Little progress on the imote as of late because I was busy hammering out a massive PCB order for imotion, a cool Christmas wizmo (more on that later), and a new product called Logic. I managed to get that out the door at about 5AM Saturday morning.
Then it was back to the imote, and imote adhesive, the current bane of my existence. The adhesive is a two-part epoxy that hardens up in about 10 minutes. You mix it with a cool glue gun (see below). The trigger presses a plunger which ejects glue from the cartridge. The two parts are mixed in a long “mixer” which swirls the two together as they travel down the tube. Then a luer-lock attached syringe needle caps it all off, giving you a nice controllable output. That is, until the glue starts to harden up. Then you take off the needle push a bunch of glue through to clear it and put the needle back on. Yes, it’s as messy as it sounds. Not great for small quantities. I went through at least 20 disposable gloves trying to keep the parts free of glue…
Anyway the main takeaway so far is that this isn’t going to be easy. Basically the issue with gluing in the polycarbonate/plexy/glass is as follows: too little glue, you have a cosmetic problem because you can see the difference between where the glue is and isn’t. To much, and it squeezes out the sides, becomes a cosmetic problem. So that has it’s own class of potential solutions.
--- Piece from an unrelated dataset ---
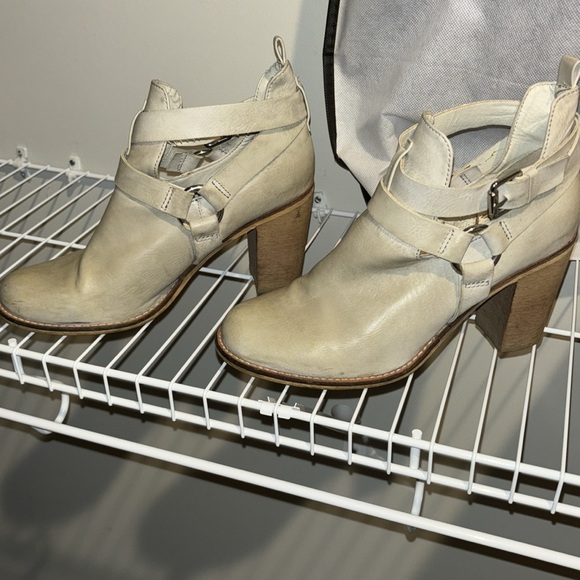 Booties - Picture 3 of 6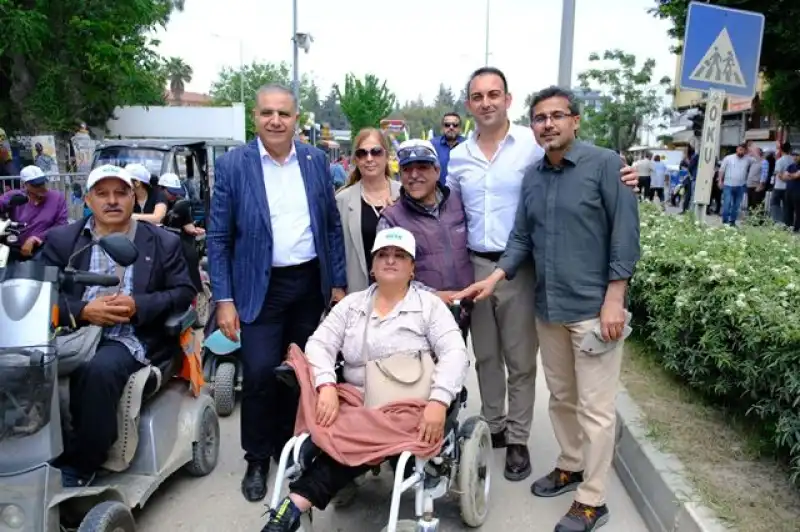Başkan Özgün 1 Mayıs’ta Alanlardaydı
The other issue is that (stupidly) I figured the PCB could be installed with adhesive as well and so didn’t design a mounting solution. So one solution is to design one up and through away all the parts I have (~800$) but let’s call that a last resort. The first good solution is to combine the problem with that of the glass (not really glass but that’s what I’m going to call it from now on) — install the glass so that some glue overflows. Then dump a bunch more glue into the assembly on top of the glass, and stick the PCB in on top of that, allowing the glue to seep up through the apertures in the PCB and around the edge. Solution part two, is then to fill up the rest of the enclosure with glue (!) and install the top glass piece at the same time, squeezing out and cleaning up the extra at the same time. Luckily the adhesive I’m using is very well behaved and doesn’t expand or contract noticeably otherwise obviously this would be out. The problem, though, is that 1) it looks like a fish bowl (index of refraction), it increases – probably doubles — the weight, and most importantly makes little bubbles on the surface of the PCB/components where it reacts (presumably) with the residue on the surface. This last thing makes it a cosmetic issue.
To sum up, what looks like the best option now is to float the pcb in the adhesive but not fill up the part with adhesive. Then, install the other glass piece by 1) applying glue along the ridge and then 2) using a custom tool to essentially scrape out all but a controlled distribution of adhesive, such that when you put the glass in it’s the perfect amount — perfectly covering the ridge surface but not spilling out.